End-to-end tracing is possible in a lot of systems, but not always. In particular, it’s often impossible in databases. Databases are special in a lot of ways and this is just one of them.
The reason is that databases typically handle extremely hard workloads, and to get good performance they have to do smart things. One of the most common smart things is smart sharing of costs. In many cases a cost (such as a resource usage or a necessary wait) can be “pooled” across lots of actions, so on average each thing that’s doing work pays a lower cost.
A classic example is the write-ahead logging needed for durable commits in most databases. Most databases have some variant of group commit or a similar approach to avoid penalizing each transaction commit with its own set of waits for commit (mutex waits, memory copying, waiting for storage to ack an fsync() call, and so on).
Anytime a database does something smart to piggyback a bunch of costs together to reduce their impact, that cost can no longer be blamed on any one request. That fsync() call didn’t come from one user transaction that came from one web request, it came from a bunch of them. That disk IO operation can’t be blamed on one tenant, it’s a prefetch (readahead) that is grabbing data a lot of different tenants need.
Another thing that makes it hard or impossible to trace user actions to eventual consumption of resources is that a lot of work is deferred and done lazily in the background. Doing this offers additional opportunities to hide latency and combine multiple requests, driving efficiency and user responsiveness up significantly. Consider the InnoDB buffer pool flushing dirty pages to disk, for example. You can attack MySQL with a flood of INSERT queries and much of it will get buffered in memory, to be flushed out later when InnoDB’s background worker threads get a chance to do it optimally.
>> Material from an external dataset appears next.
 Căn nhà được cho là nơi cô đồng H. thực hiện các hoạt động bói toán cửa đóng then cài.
So the answer is, again, when it counts most, end-to-end tracing is often not possible.
This is just the reality of life in shared, high-performance, distributed systems. If we didn’t do these things that make systems hard to understand and troubleshoot, we wouldn’t get acceptable performance.
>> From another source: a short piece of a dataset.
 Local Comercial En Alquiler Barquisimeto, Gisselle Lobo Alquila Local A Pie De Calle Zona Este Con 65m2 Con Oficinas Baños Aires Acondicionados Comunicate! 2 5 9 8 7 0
What’s The Alternative To End-To-End Tracing?
So if end-to-end isn’t possible when it’s most needed, and if trying to force the observable world into an end-to-end framework causes us to put blinders on our monitoring systems and make them miss the most vital parts of the system’s work, what can we do instead?
One alternative that we’ve developed, which is by no means the end-all and be-all, is statistical techniques. People often speak of “correlating metrics.” By this they usually mean aligning graphs and looking for similar shapes in different metrics. Correlation, though, is a mathematical technique. Regression analysis is a related approach that tries to determine a best-fit equation for the relationship (correlation) between sets of metrics.
It turns out this works very well in a lot of situations that matter in the real world. We may not be able to blame an individual user request for an individual I/O request, but we can often blame groups of similar user requests for groups of similar I/O requests. And because regression analysis is applicable to a lot of different kinds of things, this can be done across systems and in many other scenarios where no back trace signals are injected into requests. This allows lots of nice properties, such as being able to do ad-hoc analysis without needing to anticipate and prepare for a given kind of analysis (i.e. we don’t need to instrument things before we analyze them, we can analyze at will anything for which we have metrics). It also keeps data sizes manageable and makes “big data” analysis relatively cheap to do.
A concrete example is our Top Queries user interface, where we add columns for CPU, I/O, and other metrics:
These aren’t possible to measure and aggregate for individual queries, for the reasons I explained previously. But the statistical analysis is often a very good way to figure out the answer anyway.